MGL, I’m not sure on whether Excel can do ICC. I doubt it, but then again, I have very little experience with Excel. I use SPSS (Statistical Package for the Social Sciences… I am a psychologist after all!), which calculates it with a few clicks of the mouse. I believe SAS can do that as well, although SAS is a nightmare program. ICC is a small piece of a family of analyses known as mixed linear models, so you’d probably need something more specialized.

The reason for taking the log of the odds ratio is that many statistical tests (at least inferential hypothesis ones) assume a normal distribution of the variables. Rates and percentages are not normally distributed, but taking the log of the odds ratio makes the distribution normal enough to work with. The natural log is preferred becasue the equation of the normal curve has the natural base (e, 2.7818) in it. Best to keep things in the family.

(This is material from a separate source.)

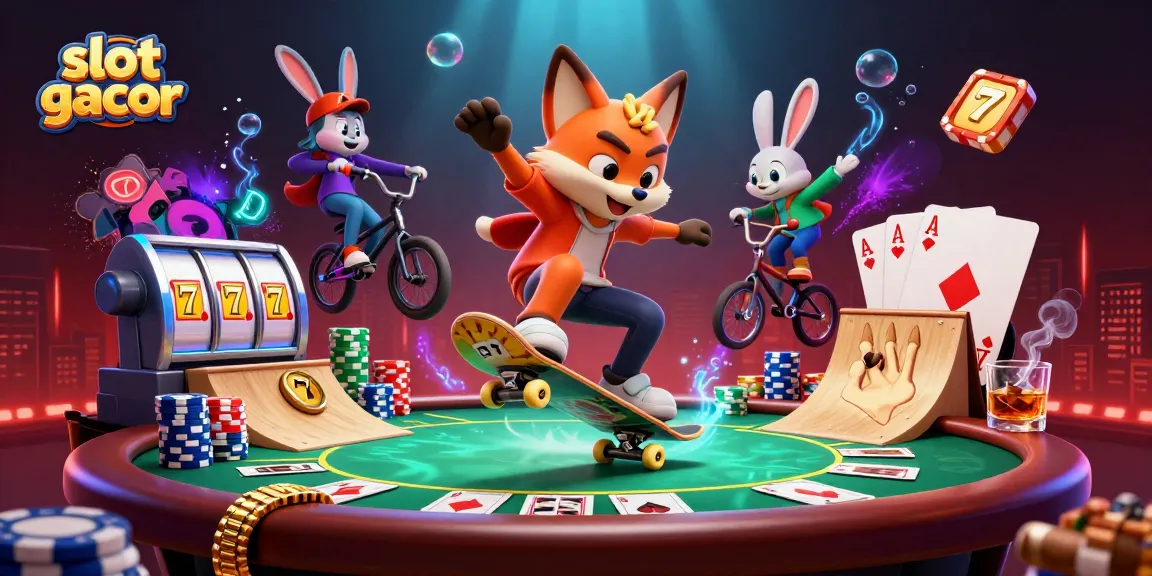Engaging scene depicting slot gacor with a skateboarder fox and BMX rabbit amid vibrant casino elements.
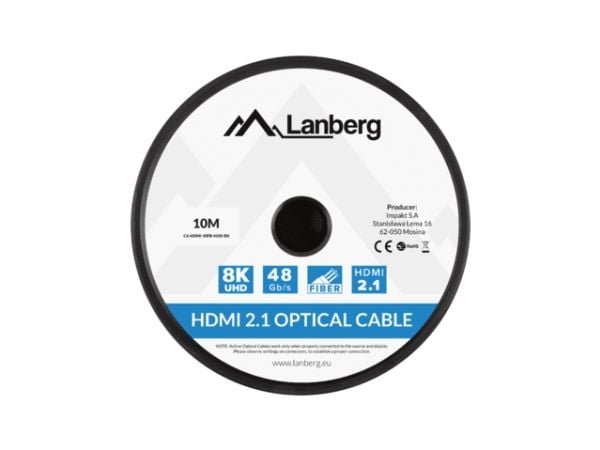 KAAPELI HDMI M/M V2.1 10M 8K MUSTA OPTINEN AOC LANBERG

The reason that ICC outstrips using a huge dataset with multiple data pairs (so Clemens from 00-01, 01-02, 02-03) is twofold. One is that using overlapping data doubles introduces some ugly independence problems. Clemens is in there three times and his 2001 season is in there twice. The ideal bivariate correlation should have complete independence of its observations. Odd-even split half techniques like BP does solves for the overlapping years, but don’t solve for the same player being in there more than once. To solve for the problem, you need more than a 2×2 covariance matrix like the simple Peason bivariate model gives you. ICC allows you to do that. It’s not that yty will give you awful results. We generally traffic in questions that we just need a “close enough” answer, and yty is easier to calculate.

The other reason is that the particular ICC technique that I use (there are many, I use AR1, or auto-regressive first order) is derived from a covariance matrix that incorporates auto-regressive terms. This means that it looks at the development of the stat in sequential order. We can expect that as young players get older, there will be some improvement from year to year in their stats due to growing up. AR1 adjusts for that and then takes a look at the variance once that’s accounted for.

As to the word “consistent”, let’s say that we had two variables where R = 0. No correlation at all. All variance is luck and there’s no skill involved. Sure, everyone would cluster around the mean and eventually settle into the mean (or if there’s a skill involved, to their true skill level) given a billion trials. The problem is that’s not how baseball seasons are played. I don’t often come out specifically and say it, but I usually work within the confines of the player-season since that’s the most common unit of analysis in baseball (despite there being variation in how many PA’s or BF’s each batter/pitcher gets). I assume that it’s clear from context, but perhaps I should be a touch more explicit.

Thanks!